What are the government’s concrete plans to implement this scheme? The Prime Minister announced the Government’s decision to act on the court directive and appointed a task force to ensure the implementation of the project by 2015. Initially there was speculation that LK Advani would be heading the task force. But because the task force is an ornamental body without any executive powers to implement the project, LK Advani declined to head it and a lightweight person like Suresh Prabhu was made its chief. The task force headed by Suresh Prabhu is now active. Thus, in the official circles, proclamation has followed proclamation and committee has followed committee and the idea is now kept alive by a task force. Strangely, the task force dealing with such an important proposal has no independent staff but will be assisted by the National Water Development Agency. The task force doesn’t even have an office of its own! ‘Interlinked water’, at least for now, seems to be good only for election eyewash!

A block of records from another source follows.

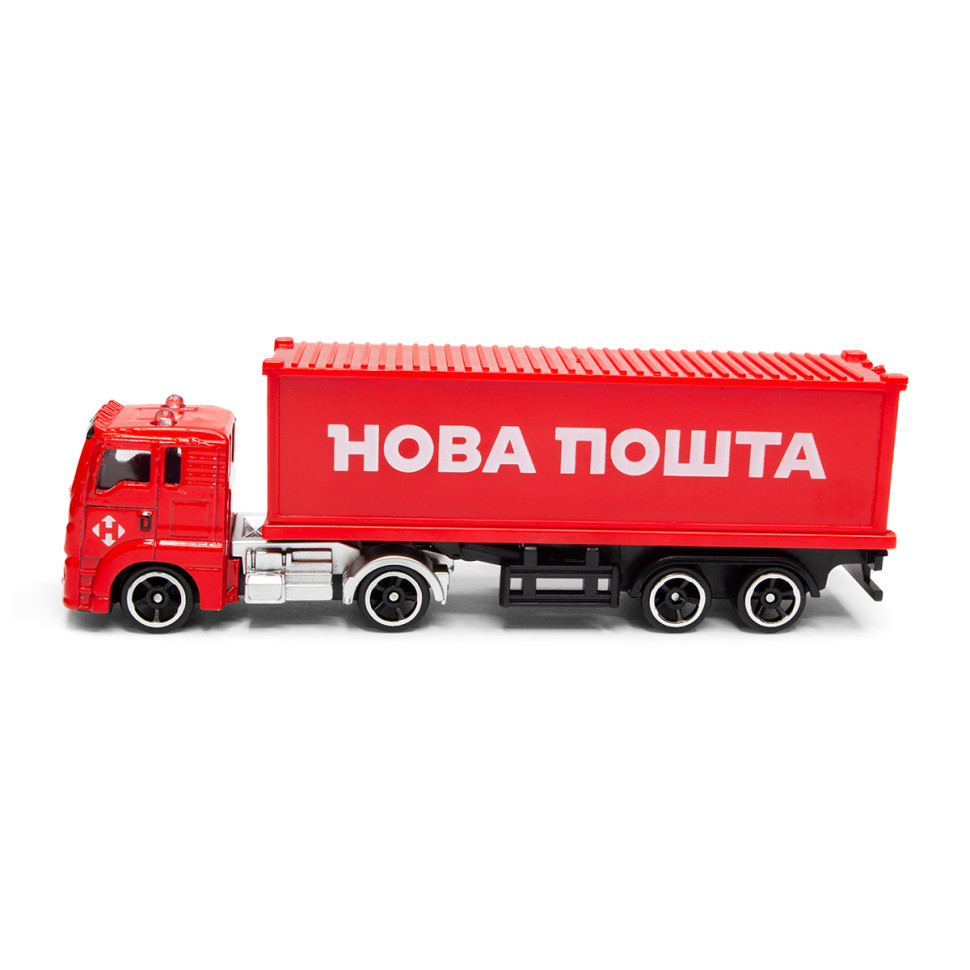 Автомодель коллекционная Фура 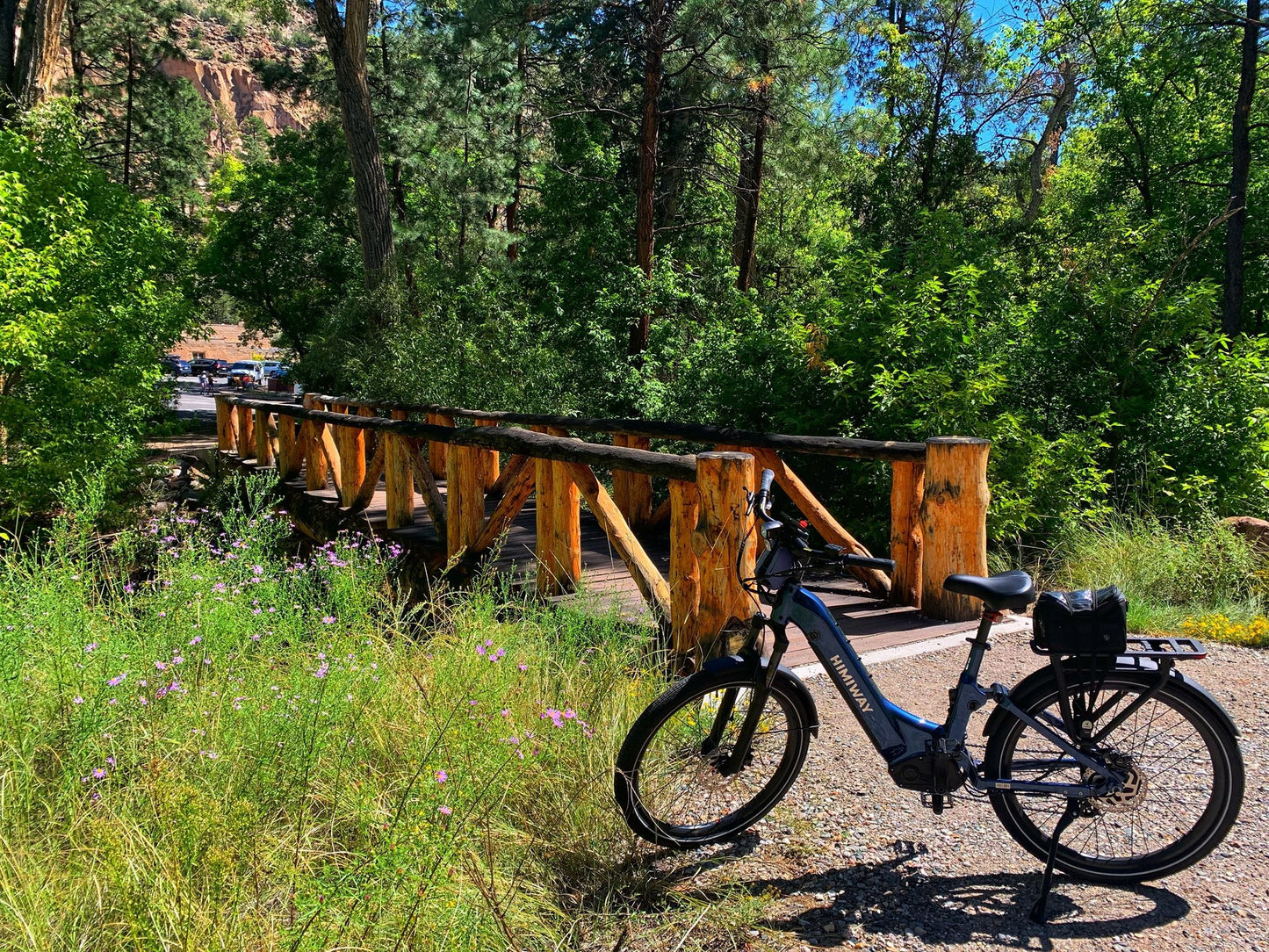 Himiway | Electric Bike | Model A7 Commuter | 27.5 x 2.4” Tires | 750W Hub Motor | 65 Mile Range | 400 lb Payload | Full Suspension Comfort | For Urban Comfort & All-Terrain Exploration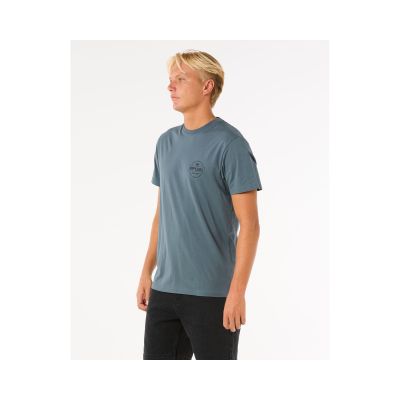 5. RIP CURL Staple Tee Turquoise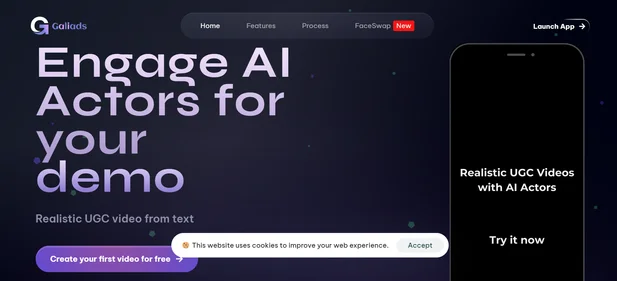 Galiads homepage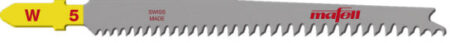 Mafell (5) decoupeerzaagbladen W5 hout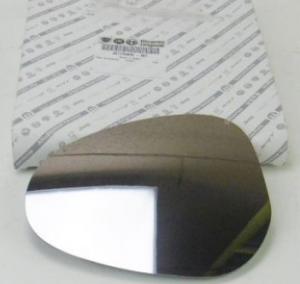 Vetro specchio sinistro Lancia Ypsilon dal 2009, ORIGINALE, 71754658,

Is this grand-sounding plan really feasible at all? Till now, even the techno-economic survey has not been taken up to find out whether the project is technically feasible or not. No cost-benefit analysis has been done. The chairman of the government’s Task Force on Interlinking of Rivers, when asked if the plan has been discussed threadbare, replies that the pluses and minuses are yet to be considered, but the ‘benefits clearly outweigh the costs’. But he was unable to say who exactly had calculated the benefits and costs! A figure of Rs.5, 60,000 crore has been mentioned as the required investment for the project even before the completion of feasibility studies. This is about 50 times the total allocation for the ongoing water resource development projects in the Tenth Plan. Given the sharp cost escalation traditionally associated with all our irrigation projects the actual figure may be much more. A government, which is already on financial doldrums, can hardly be expected to raise this much amount of money. Long pending irrigation projects require only Rs.80,000 crore according to a parliamentary committee and the governments, both at the Centre and the States, are able to raise only a fraction of this amount every year. Raising Rs.5,60,000 crore from private sources is being mooted as a fashionable idea forgetting the fact that private funds of this magnitude cannot be easily raised for infrastructural projects of this kind. Rather this would only open the way and offer a pretext for private sources monopolizing water resources. Depending on external lending agencies is also not a viable option as the country’s current external debt has already touched a whopping Rs.5,00,000 crore. Only the government has to raise the resources and raising resources of this magnitude by our present government and those to come in the immediate future is simply out of the question. Hence this grand idea would remain a mere fools paradise for the foreseeable future.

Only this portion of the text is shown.